- K
I never thought I’d be writing something like this at 33 years old.
In July 2024, I was diagnosed with Stage 4 diffuse large B-cell lymphoma. By the time they found it, it had already spread to my bone marrow and other areas. Since then, life has been a blur of hospital appointments, chemo cycles, scans, setbacks and small wins.
I’ve had intensive chemotherapy, CAR-T cell therapy in Manchester, immunotherapy and more complications than I can even list. There were times I couldn’t walk. Times I couldn’t eat or speak. Times my family were told to prepare themselves for the worst.
On 9th February this year, I was told only that I have around 3 months left to live and treatment at the NHS was stopped.
It’s now 2nd March. And the truth is, I don’t feel ready to stop fighting.
Right now, I’m actually doing better than expected. I’m eating again. I’ve got some energy back. I’m up, moving around, spending time with the people I love. I’m still here.
So while I’m here, I’m doing everything I possibly can.
I’ve chosen to try private supportive therapies - specialist biomedical support, IV therapies, hyperbaric oxygen sessions and red light therapy. These aren’t funded and currently cost thousands per week, alongside other ongoing expenses.
I know not everyone will understand these choices. But when you’re told your time might be limited, you don’t leave any door unopened. If there’s something that might give me strength, time, or just help me feel more like myself, I want to try it.
This page isn’t about pity. It’s about hope, it’s about time, it’s about easing the pressure.
And more than anything, it’s about my family.
If the worst does happen, my biggest wish is that my wife and 4 children can stay in our home without the added weight of financial stress. I want them to feel secure. I want the house to be safe. I don’t want grief mixed with money worries.

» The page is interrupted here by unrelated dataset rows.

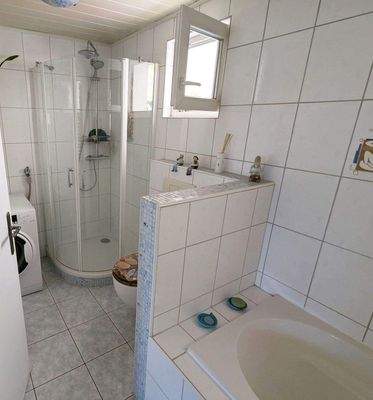 Dusche im Obergeschoss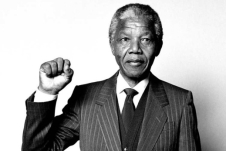 Символ мира с кровавым прошлым: за что Нельсон Мандела получил пожизненный  срок заключения » BigPicture.ru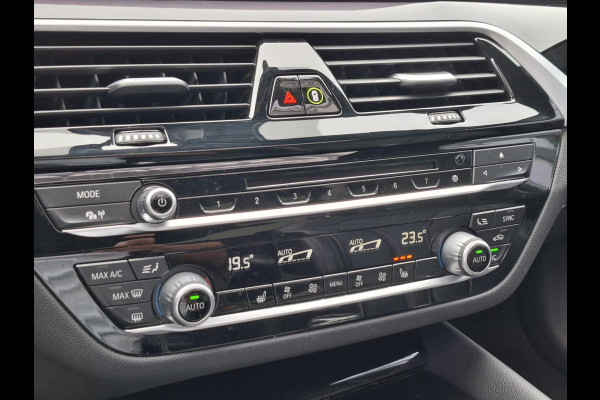 BMW 5 Serie 520d High Executive Edition | Schuifdak | Virtual | Keyless | Dealer onderhouden |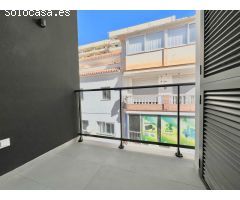¡Vive a 150 metros de la playa! Moderno apartamento en Fuengirola listo para entrar a vivir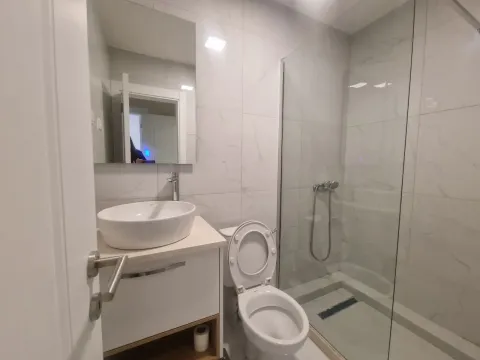 Prodaja, trosoban stan, 70m², City Kvart, Podgorica - image 10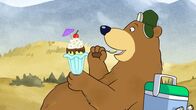 Unser Sandmännchen – Dr. Brumm isst genüsslich einen Eisbecher.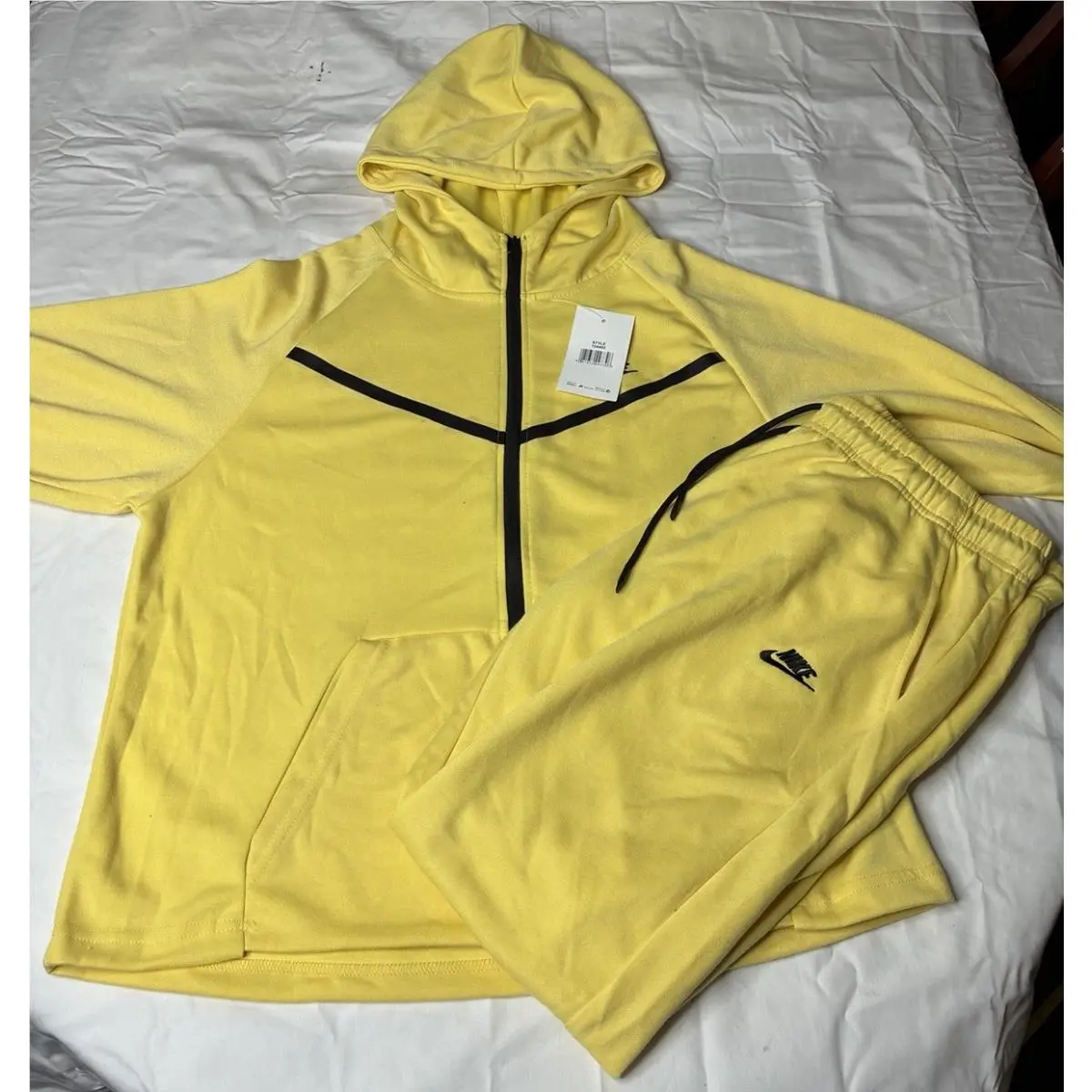 Women’s Nike Fleece Sweatsuit Set Size 2 XL Color :yellow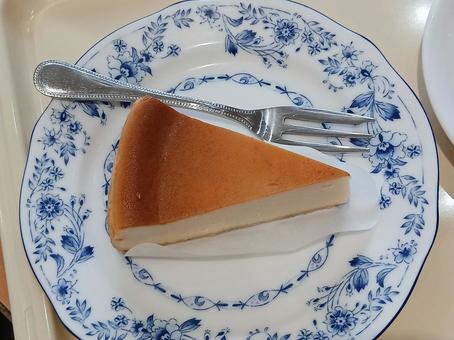 Basque Cheesecake ~ Cafe, JPG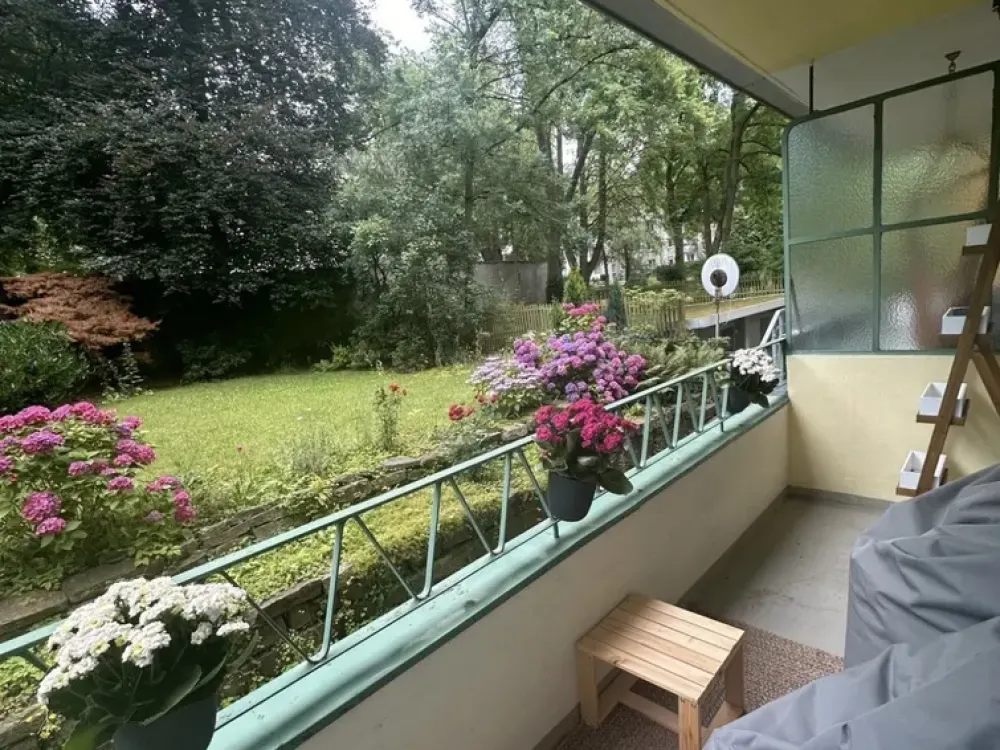 ***SAARLANDVIERTEL-Am Knappenberg-sanierte Wohnung mit Balkon, Terrasse und Gartenmitbenutzung***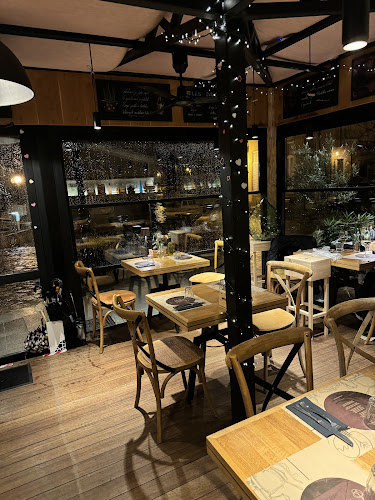 Trattoria Mandrać - Gastronomija i ugostiteljstvo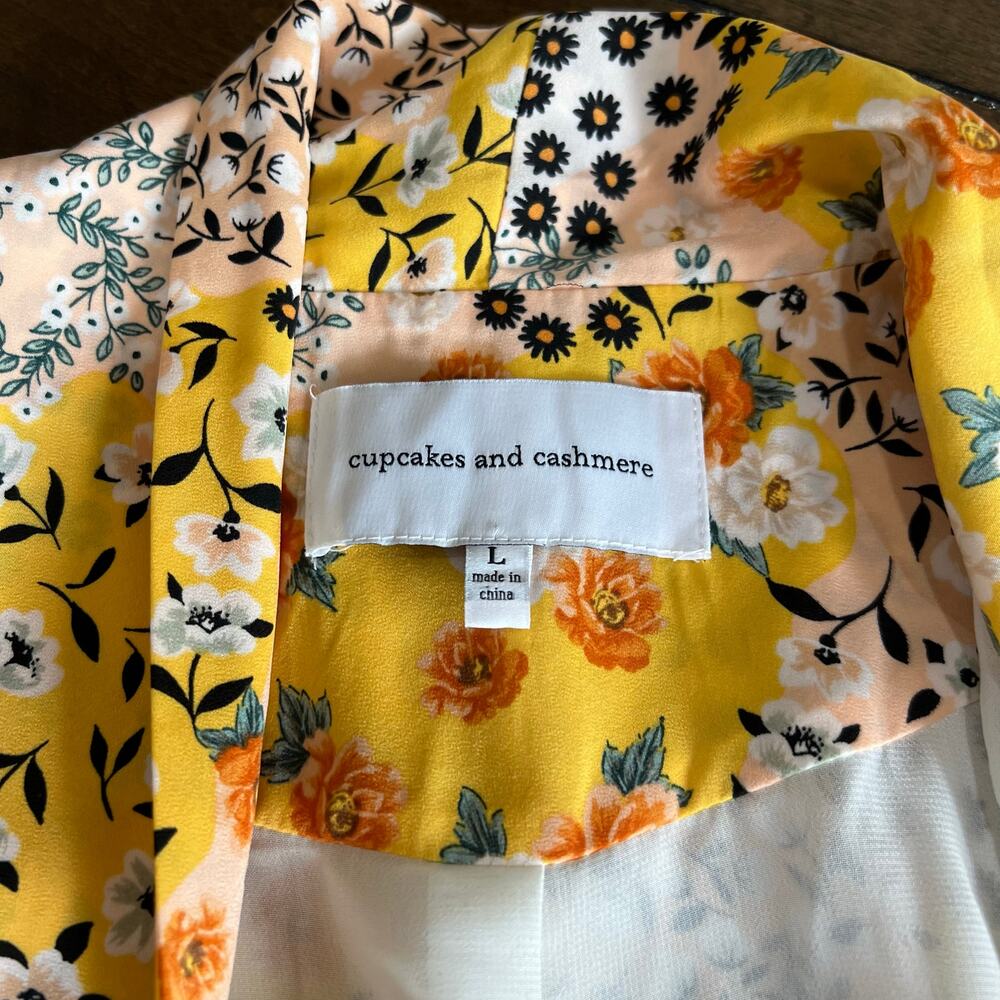 cupcakes & cashmere Yellow Floral and Black Dot Duster - Picture 5 of 7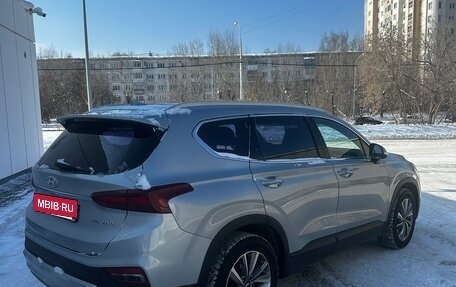 Hyundai Santa Fe IV, 2018 год, 2 490 000 рублей, 14 фотография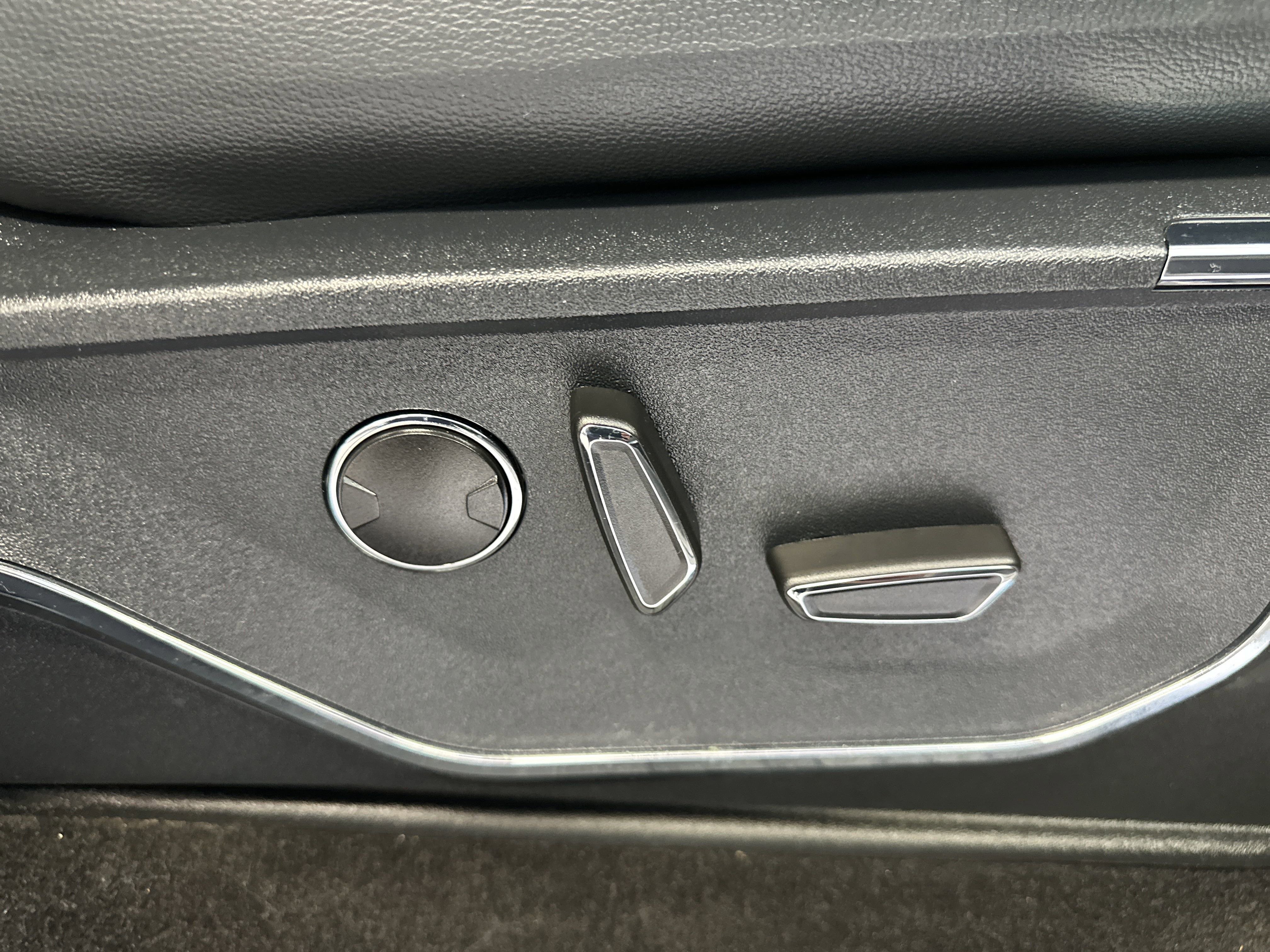 Certified 2022 Ford F150 Lariat w/ Equipment Group 502A High image 25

If you know me personally, you know I’ve never been someone who asks for help easily. If you don’t know me, thank you for even taking the time to read this.
If you’re in a position to donate, I can’t put into words how grateful I am. If you can’t, sharing this means just as much.
This past year has shown me how fragile life is, how quickly everything can change. But it’s also shown me the power of people. The messages, the support, the love.
I don’t know exactly how much time I have left but …
I’m still here. I’m still fighting. And I’m grateful for every single day.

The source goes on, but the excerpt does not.